It had been eight years since Rosa Parks had refused to give up her seat on the bus, sparking the Montgomery Bus Boycott, and the fight toward desegregation was stagnating. Civil rights leaders needed something that would reignite the cause and those committed, and they finally got one in the spring of 1963, “after an unorthodox plan to recruit Black children to march was implemented, the movement reversed itself, reinvigorating the fight for racial equality,” in what is now referred to as the Birmingham Children’s March.
Whose idea was it to involve children? James Bevel, a member of the Southern Christian Leadership Conference, came up with the unique strategy, which “involved recruiting popular teenagers from Black high schools, such as the quarterbacks and cheerleaders, who could influence their classmates to attend meetings with them at Black churches in Birmingham to learn about the non-violent movement.” Another bonus of involving youth had to do with the economy—if adults participated in these marches, they were at risk of getting fired and losing gainful employment.

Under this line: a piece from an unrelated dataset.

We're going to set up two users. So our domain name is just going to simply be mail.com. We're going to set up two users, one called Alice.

As a result of these circumstances, on May 3, 1963, hundreds of young people gathered in Birmingham as part of a 10-week protest against segregation. They would be attempting to march from the 16th Street Baptist Church down to City Hall, which is only a distance of 0.5 miles. But many never even made it through the full route because Eugene “Bull” Connor, the white Birmingham Commissioner of Public Safety, “directed the local police and fire departments to use force to halt the demonstration.”

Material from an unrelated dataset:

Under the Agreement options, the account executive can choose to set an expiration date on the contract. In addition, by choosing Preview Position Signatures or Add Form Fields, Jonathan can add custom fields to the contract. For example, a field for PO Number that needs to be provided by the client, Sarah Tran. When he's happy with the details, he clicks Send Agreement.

This might have been an invisible moment in history had photographers not captured the violence.
The images captured that day literally became the spark that reignited the flagging movement as photos “of children being blasted by high-pressure fire hoses, being clubbed by police officers, and being attacked by police dogs appeared on television and in newspapers, and triggered outrage throughout the world.”
In a serendipitous instance, esteemed civil rights photographer Hudson, captured the exact moment “when a police officer grabbed the fifteen-year-old Walter Gadsden by the collar, pulling the boy toward him to provide an easy target for the attack dog at his side. Gadsden looks on, powerless to repel the dog lunging for his abdomen.” The next day, Hudson’s iconic photo, which has become now synonymous with this march, ended up on the front of The New York Times.

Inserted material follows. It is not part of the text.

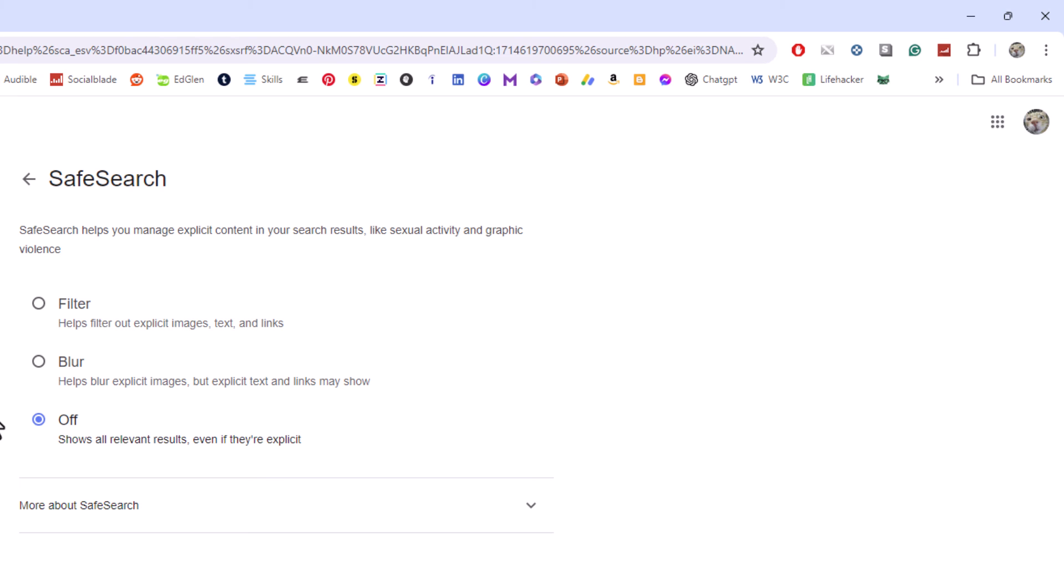That is how to enable or disable Google's SafeSearch Image Blur using a PC. Thanks for watching.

As Atlanta’s High Museum notes, “Hudson often avoided hostility from the police by keeping his camera hidden under his jacket, only to be brought out at the optimal moment.”
As part of the same march, children are pictured assaulted by water canons.
Children seemed to have been the magic, humanizing elixir to galvanize the moment, because after this and other photos of children being attacked traveled around the world, “Dr. Martin Luther King Jr., city official and President John Kennedy negotiated a truce.” A week later public facilities were being desegregated in Birmingham.
Indeed, as Vice writes, “If it wasn’t for the photograph of the clench-jawed cop straining at the leash of his German shepherd as it lunges into the belly of a black teenager, there would probably be no Civil Rights Act, no Voting Rights Act, nor any sort of equal rights act at all.”
While much about Gadsden’s life is still shrouded in mystery, you can go to a park located near the center of Birmingham and find this striking tableau “immortalized in bronze.”
This type of activism amongst young people is not uncommon and still persists today. Just this past March, “Black youth organizers were at the center of [a] rally that was organized by the Stop Cop City Coalition, In Defense of Black Lives (IDBL),” in the fight against the bulldozing of acres of forest and building a $90 million police center.
In Kansas City, the Black Youth Coalition Network is striving to create social and civic engagement through community service and activism, and in Delaware, Black high school students are organizing their second summit where all things leadership, activism, and organized will be discussed.
It is inspiring to think that these are only a couple examples out of many such instances occurring around the country, where Black youth are sustaining the frontlines, continuing the battle of their ancestors.